I wrote in that draft what I write now, that Amber always greets me with a deep hug. She holds me tight, long enough for us to both exhale and relax into the closeness between our bodies. This is how Amber greets most people, from lovers to acquaintances, that she encounters on any given day. To not receive such a greeting from Amber is a sign of a relationship on the rocks, something I witnessed only a few times during my fieldwork.

Today, however, Amber makes the rounds joyfully, enclosing new and old friends in her arms. We are at a bar in Sydney’s inner west on a sunny Sunday afternoon to catch up, gossip and generally while away the last moments of our weekend.

I ‘left’ the field about a year ago and am grateful to have maintained and deepened my relationships with many of the queer femme Sydneysiders who I have based my PhD research on. I say that I ‘left’ the field because my field, the queer scenes of Sydney, is also my home.

I am a queer femme studying queer femmes. And I am one of a growing number of ‘insider anthropologists’ who study our own communities for reasons ranging from the political to the financial. I remember being happy to close out my fieldwork, thinking that I would be able to begin to shift my relationship with my femme friends away from the categories of researcher and researched.

The writer and the written-about

My friends know that I am writing about them, but they do not know how I will do so. They do not know if I will be able to capture the nuances of their gender identities, if I will take their words and actions out of context or expose their secrets, shared after whispers of “this can’t go in your study, okay?”

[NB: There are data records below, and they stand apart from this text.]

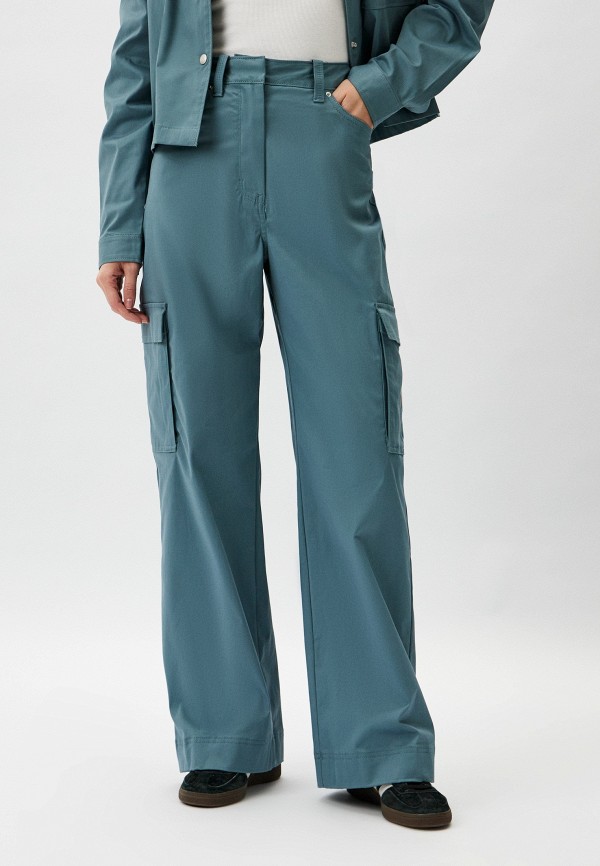 

Брюки Calvin Klein Jeans, Синий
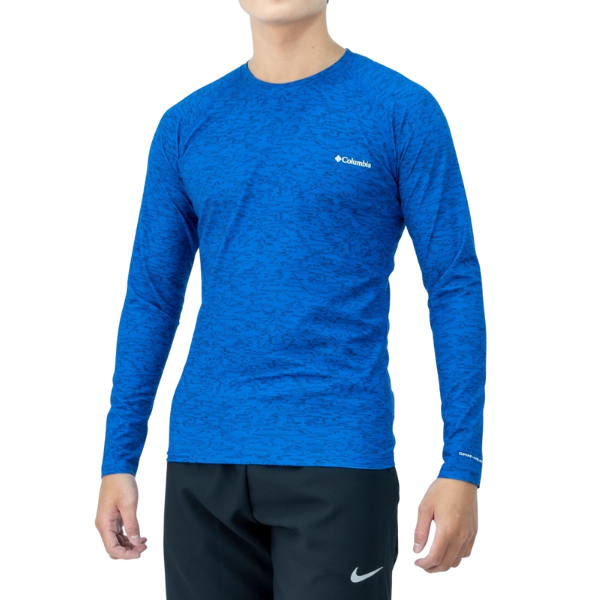 Áo Thun Columbia Men’s Pixel Stretch Long Sleeve Top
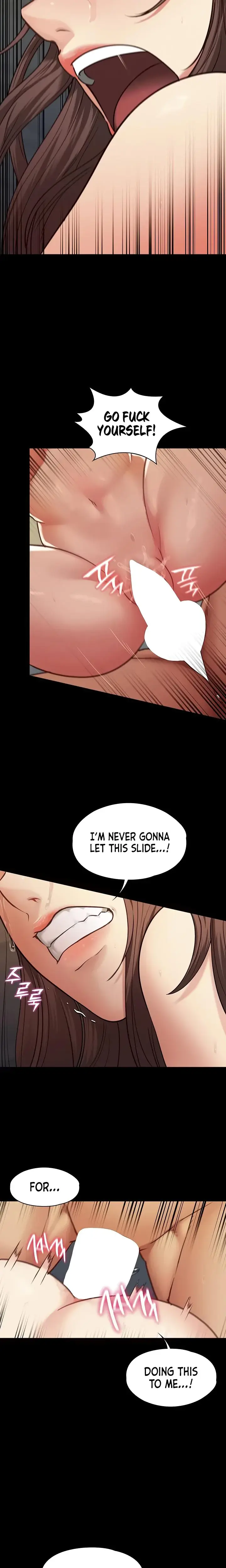 My Girlfriend Was Already Fully Trained Chapter 4 - Page 10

KateblogThey do not know if I will be able to make you, the reader, who may never have met a queer femme before, understand how their way of being-in-the-world is continually becoming different to yours (and mine).  I carry the responsibility, the weight, of their trust every time I sit down to write. While I try and leave this weight at my desk, it follows me into the parties and lounge rooms and kitchens where we share in each other’s lives.

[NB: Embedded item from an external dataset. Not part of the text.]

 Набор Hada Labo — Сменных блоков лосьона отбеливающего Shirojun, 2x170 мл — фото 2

Since I returned to the university to write, we formally stopped being anthropologist and participants, yet as my femme friends increasingly become part of my circle of intimates, we are also becoming writer and written-about.

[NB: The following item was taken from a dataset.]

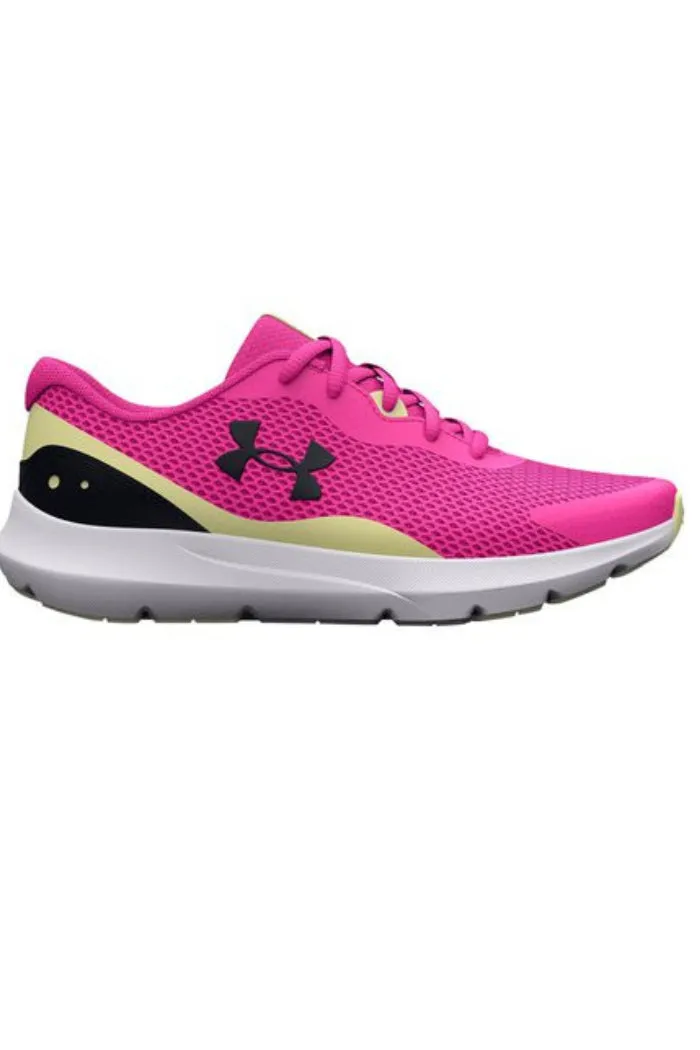 Girls' Youth Surge 3 Running Shoes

Writing ethnography, distilling the dynamism and contradiction of everyday life into words on a page, often feels like a violence. We must take that which is fluid and fix it in print, and in time. And this feels like a violation, especially when every day I see how the femmes I worked with carry on living lives of contradiction, mess and change.

Try as I might I cannot write in isolation from the social worlds that continue to take shape around me. My femme friends won’t let me. I once arrived at a party to find a group of them, sitting together and calling each other by the pseudonyms I had assigned them for a conference paper I was about to give. My indignation (“the whole point of a pseudonym is to keep you anonymous!” I had teased, “Now everyone knows who you are!”) was met with warm laughter.

An anxious observer

Over a midweek dinner at Amber’s place, I interrupt our usual easy flow of conversation to initiate a conversation with her about what I am writing. I blush and stumble over my words to ask, “um, so I’m writing about you at the moment, is it, its – can we talk about that?” Amber responds calmly to my fluster and invites me to tell her what I am working on. I am surprised that she does not fold her arms or cross her legs but continues to smile at me as if we are still talking about party outfits or our friend’s dating lives.

It seems that I am the one who wants to curl into myself, feeling vulnerable for talking about analysis that is still in its early stages, and fearful that Amber will feel objectified or taken advantage of in my writing and argument.

Writing as methodology 

These awkward encounters, my own discomfort and the novel relationships that these produce are all part of writing ethnography at home. We talk a lot about conducting ethnographic research at home in Anthropology. We ask if researchers can ever truly be at home in the field, and argue over whether ethnographers ever truly leave the field. But we don’t talk much about writing at home, and I think that it is a valuable conversation to have.

Turning my ethnographic attention to writing at home has enabled me to develop greater insights into my positionality as a researcher, my ethical commitments and my expectations of what I can achieve with my thesis. In this way, I see writing as part of my methodology. I am just as much an ethnographer at home as I am a writer of ethnography at home, and both are equally important to my research process.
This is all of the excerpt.